[Given entries — start]

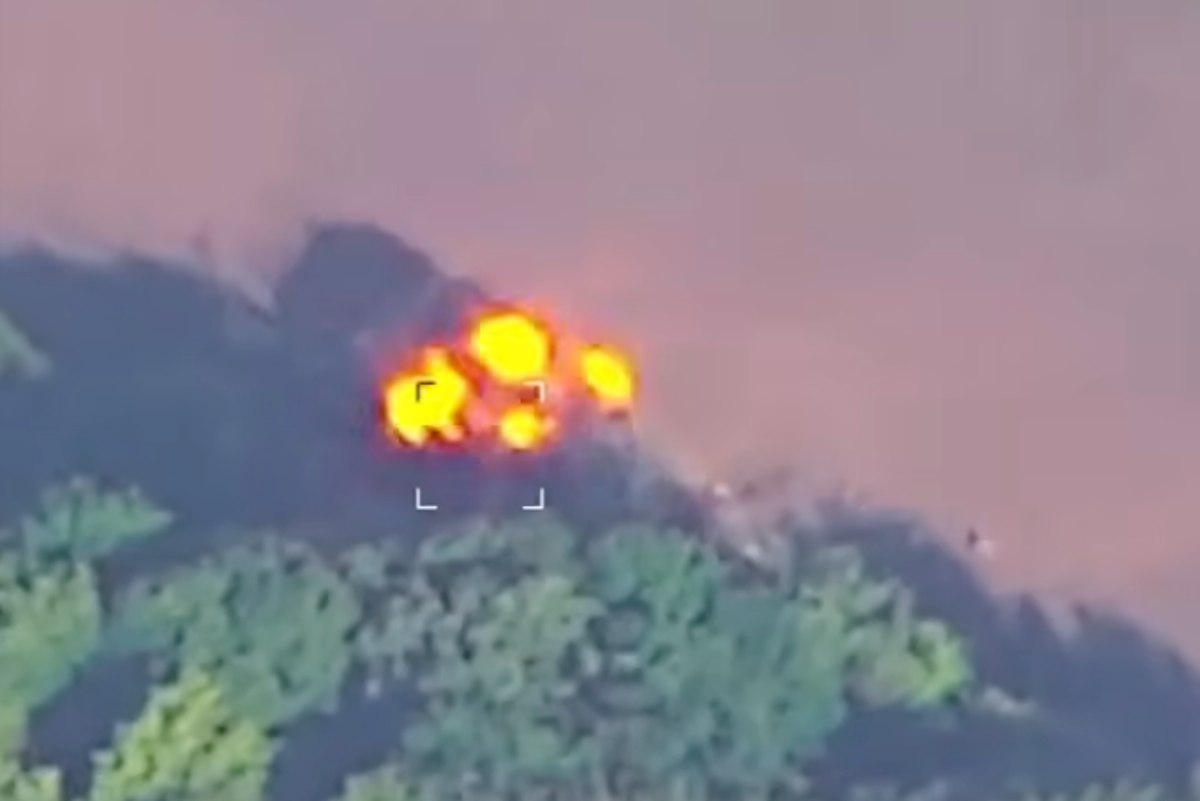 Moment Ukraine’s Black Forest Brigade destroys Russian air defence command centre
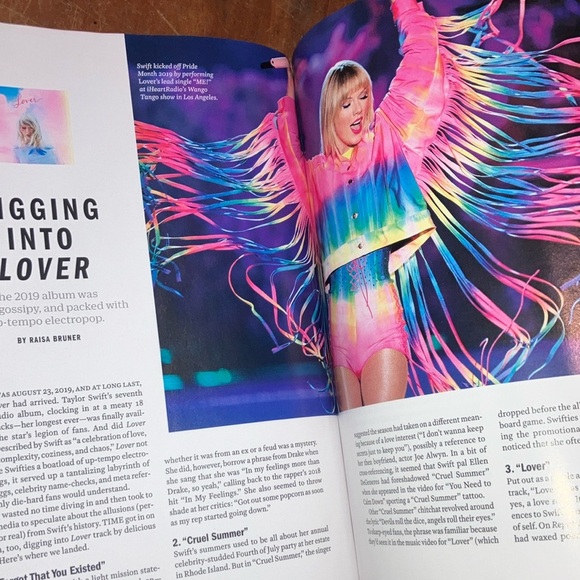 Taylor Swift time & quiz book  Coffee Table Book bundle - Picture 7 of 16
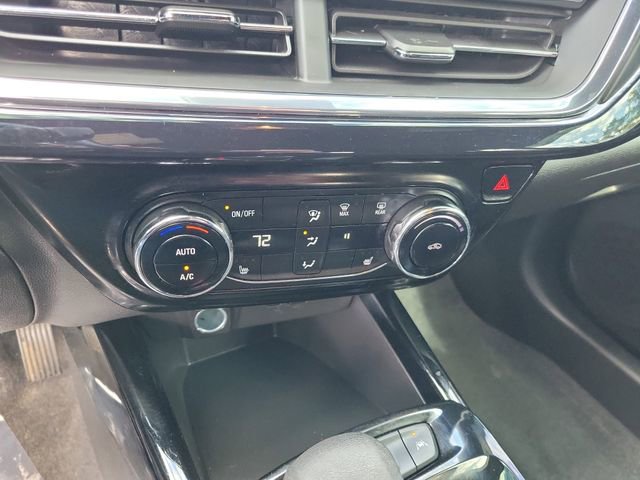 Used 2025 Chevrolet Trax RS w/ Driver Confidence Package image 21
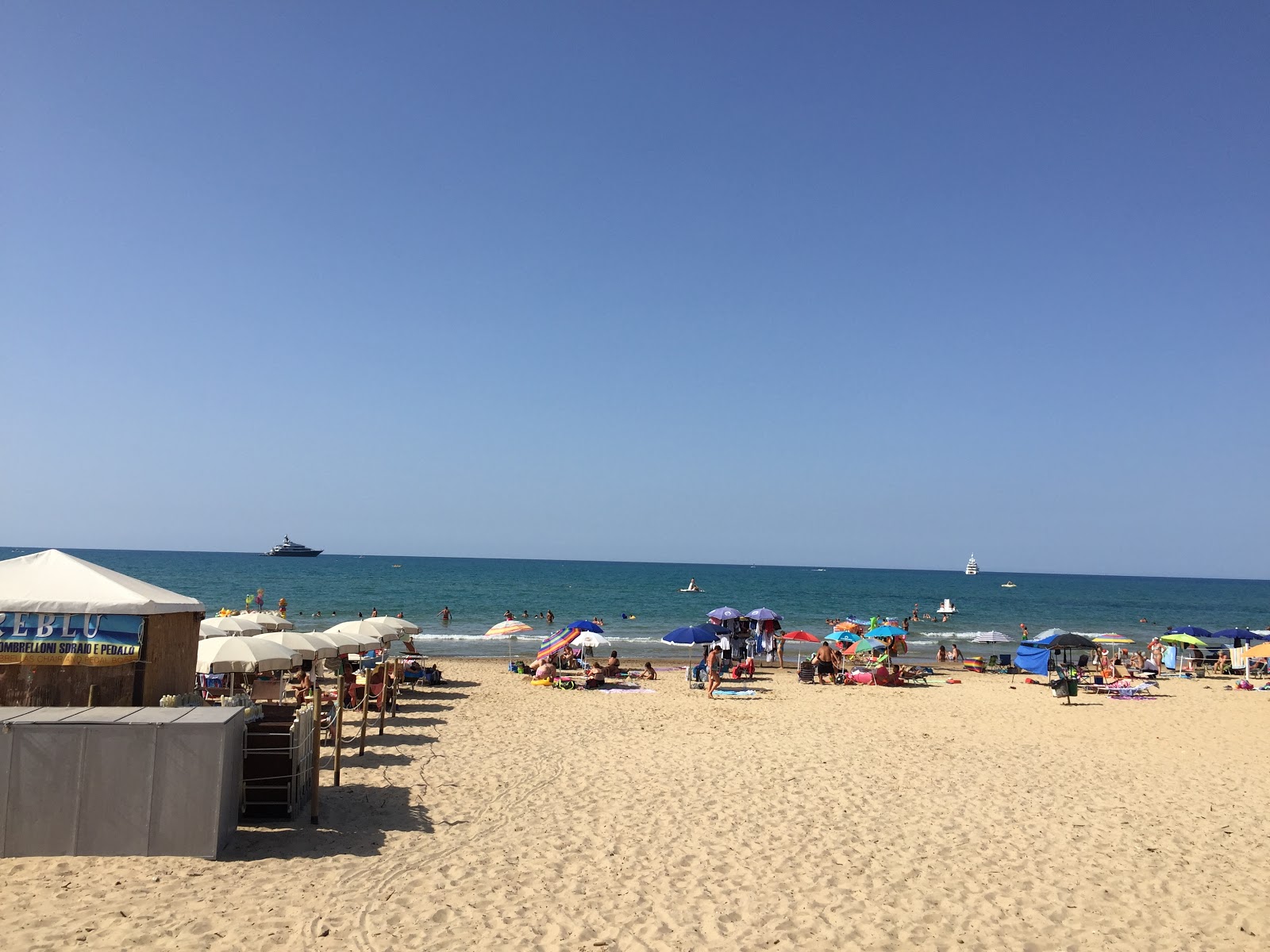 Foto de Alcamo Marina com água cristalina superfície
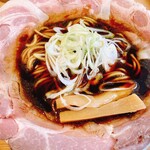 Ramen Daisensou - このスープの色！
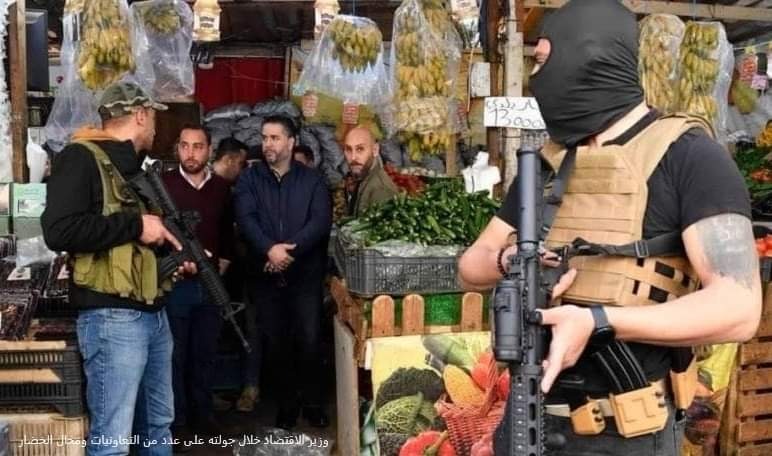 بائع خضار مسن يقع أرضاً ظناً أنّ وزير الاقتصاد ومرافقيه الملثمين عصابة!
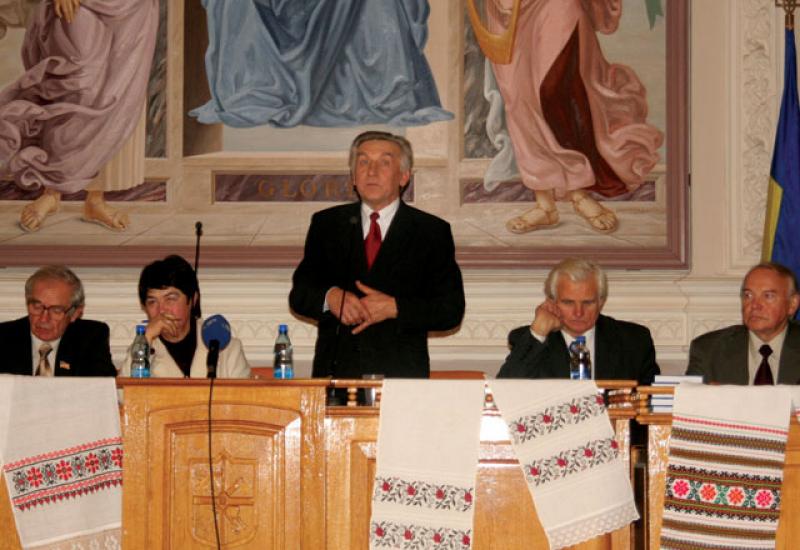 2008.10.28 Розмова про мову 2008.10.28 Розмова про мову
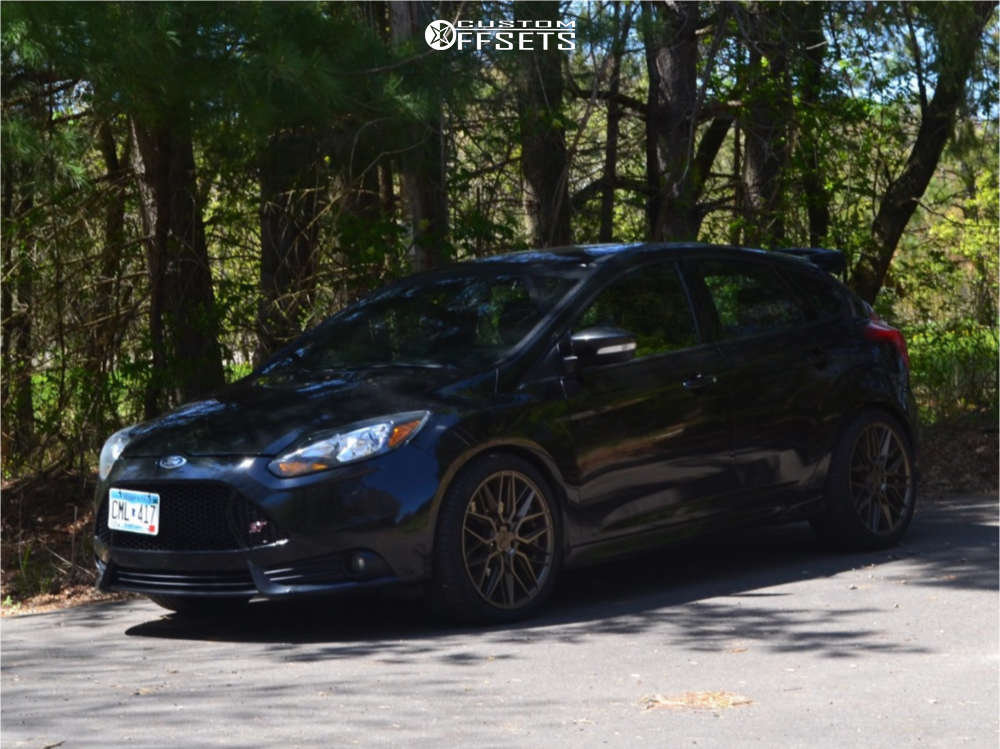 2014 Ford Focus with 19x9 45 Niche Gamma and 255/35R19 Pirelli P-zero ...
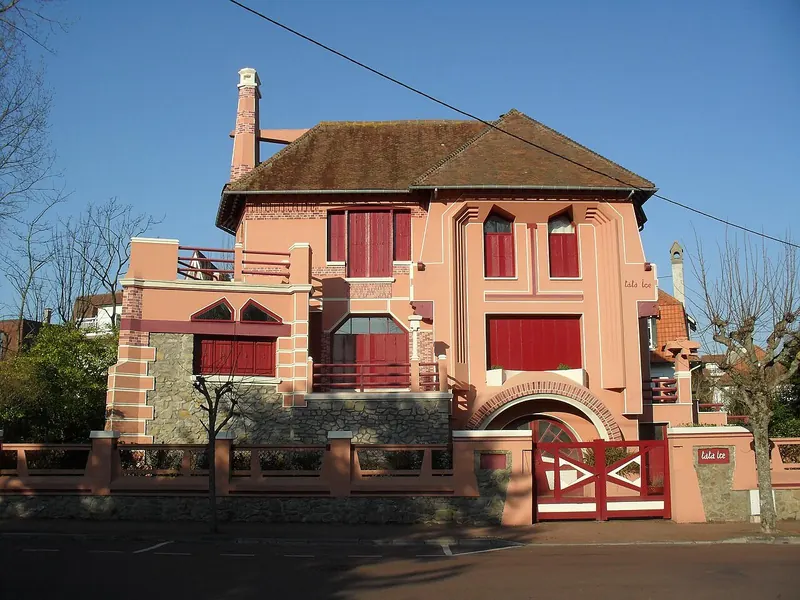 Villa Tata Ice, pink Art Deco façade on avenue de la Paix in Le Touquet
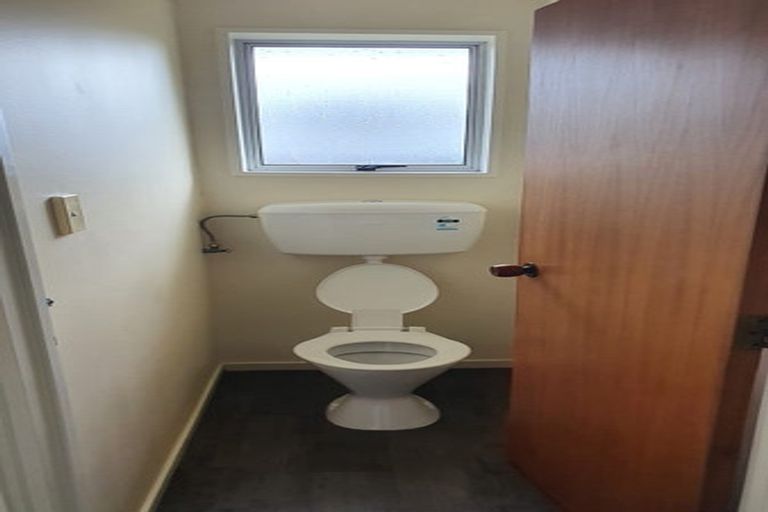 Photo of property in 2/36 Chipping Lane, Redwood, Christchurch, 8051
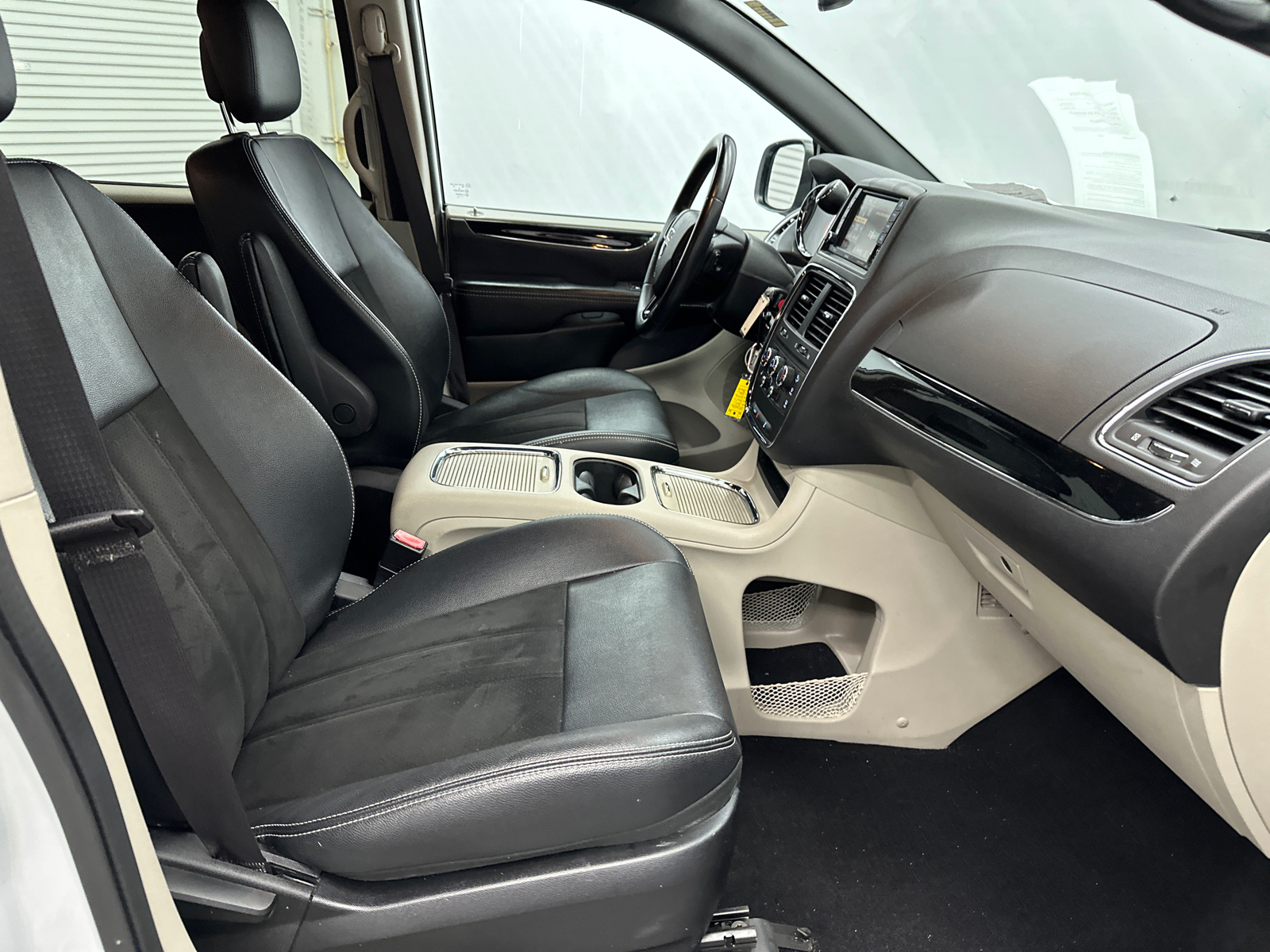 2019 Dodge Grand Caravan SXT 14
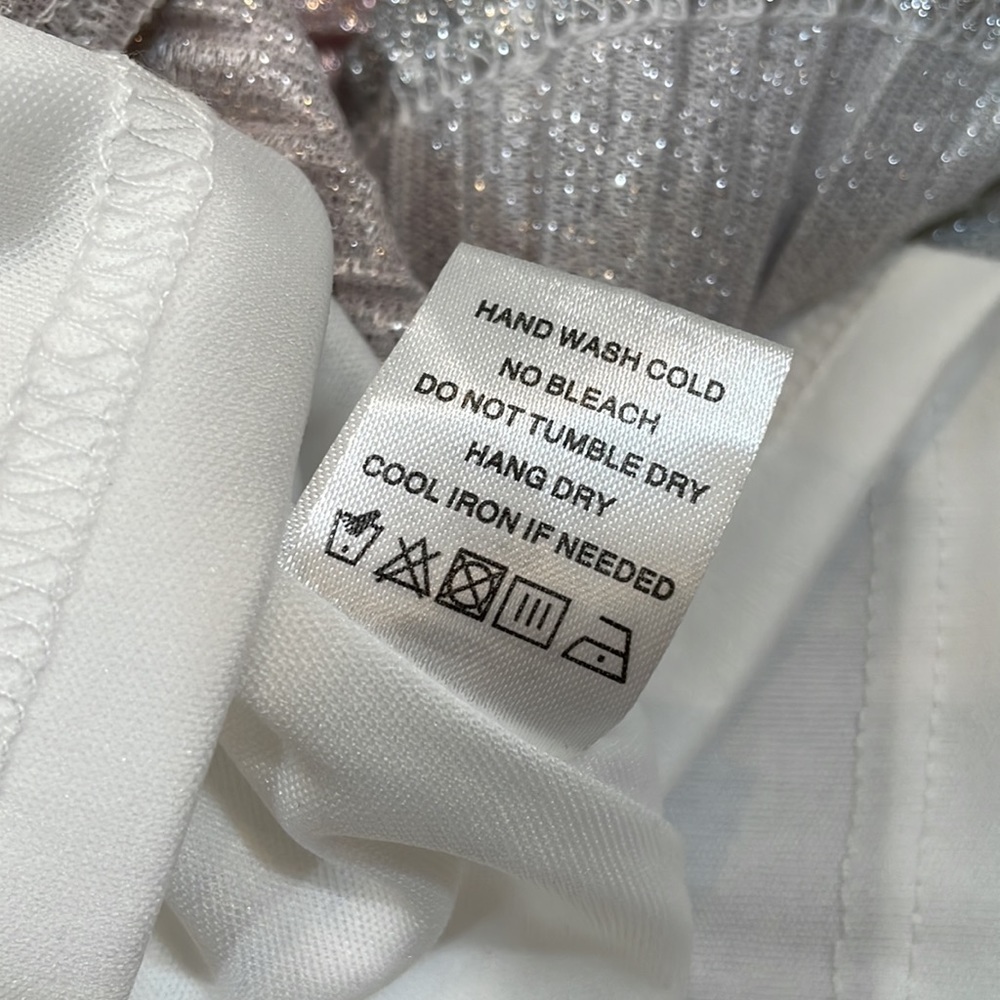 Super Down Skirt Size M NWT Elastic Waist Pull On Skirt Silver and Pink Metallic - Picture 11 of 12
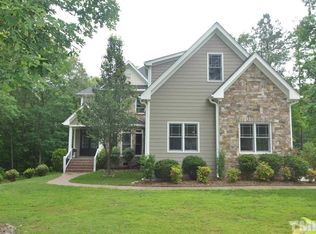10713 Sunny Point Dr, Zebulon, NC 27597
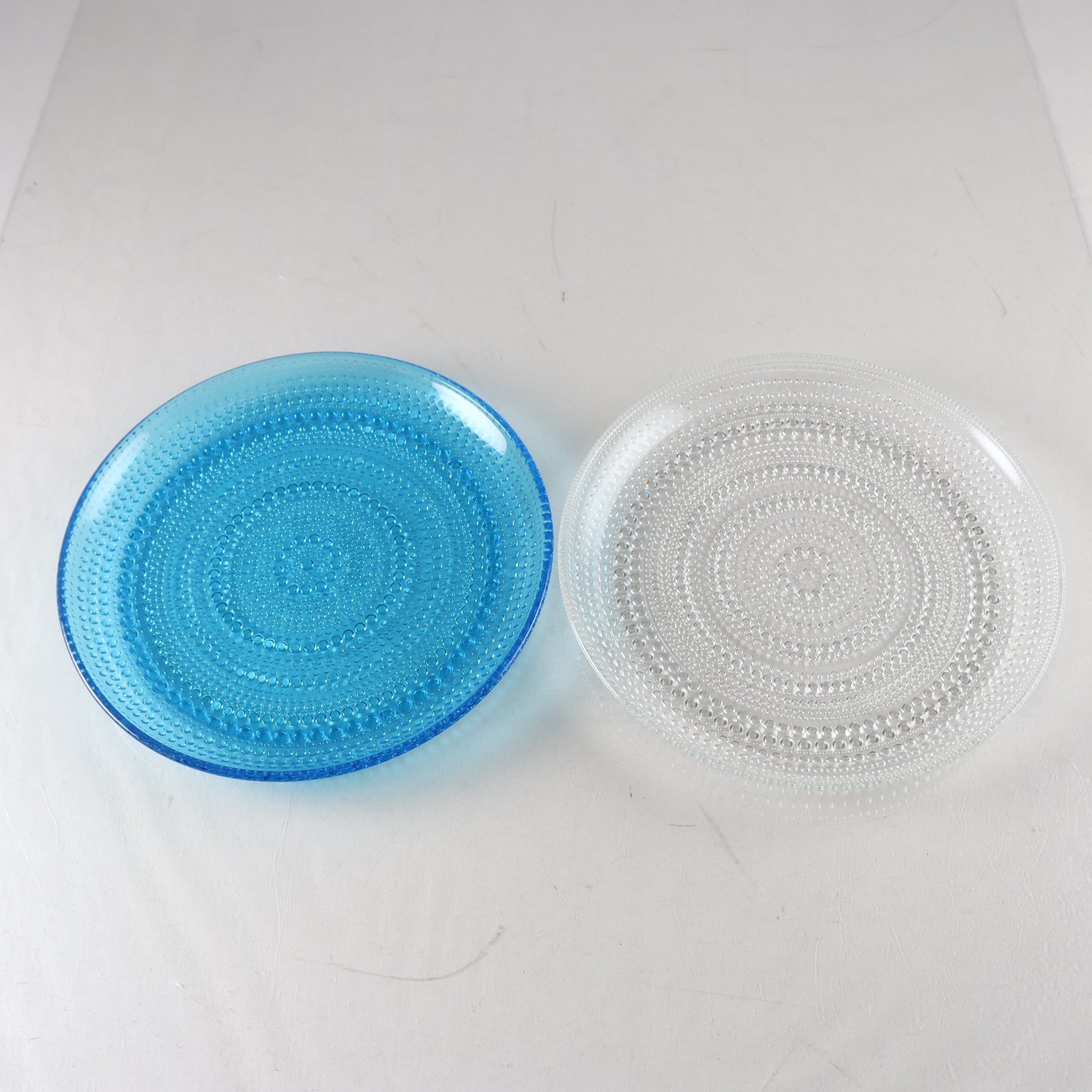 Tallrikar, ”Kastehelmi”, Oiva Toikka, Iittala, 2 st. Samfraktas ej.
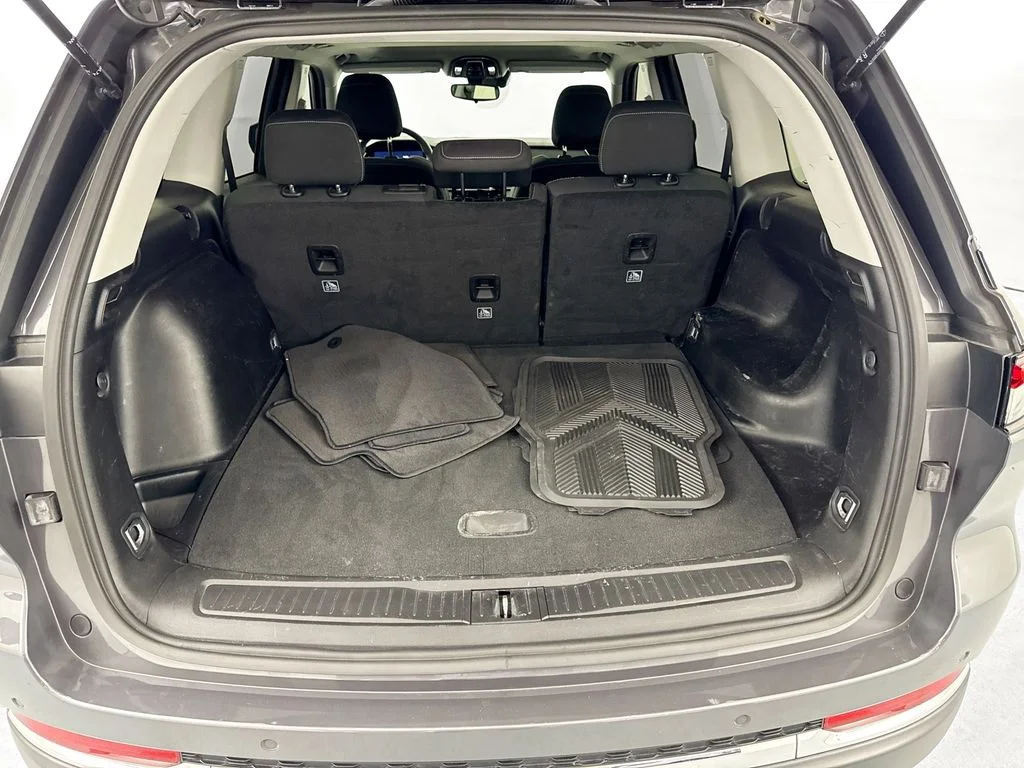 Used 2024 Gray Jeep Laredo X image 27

[Given entries — finish]

What you are asked to do> Retype the lines starting with the one that holds "Taylor Swift time" and ending with the last line of the data above, both included; skip the pictures.

Task output>
 Taylor Swift time & quiz book  Coffee Table Book bundle - Picture 7 of 16
 Used 2025 Chevrolet Trax RS w/ Driver Confidence Package image 21
 Foto de Alcamo Marina com água cristalina superfície
 Ramen Daisensou - このスープの色！
 بائع خضار مسن يقع أرضاً ظناً أنّ وزير الاقتصاد ومرافقيه الملثمين عصابة!
 2008.10.28 Розмова про мову 2008.10.28 Розмова про мову
 2014 Ford Focus with 19x9 45 Niche Gamma and 255/35R19 Pirelli P-zero ...
 Villa Tata Ice, pink Art Deco façade on avenue de la Paix in Le Touquet
 Photo of property in 2/36 Chipping Lane, Redwood, Christchurch, 8051
 2019 Dodge Grand Caravan SXT 14
 Super Down Skirt Size M NWT Elastic Waist Pull On Skirt Silver and Pink Metallic - Picture 11 of 12
10713 Sunny Point Dr, Zebulon, NC 27597
 Tallrikar, ”Kastehelmi”, Oiva Toikka, Iittala, 2 st. Samfraktas ej.
 Used 2024 Gray Jeep Laredo X image 27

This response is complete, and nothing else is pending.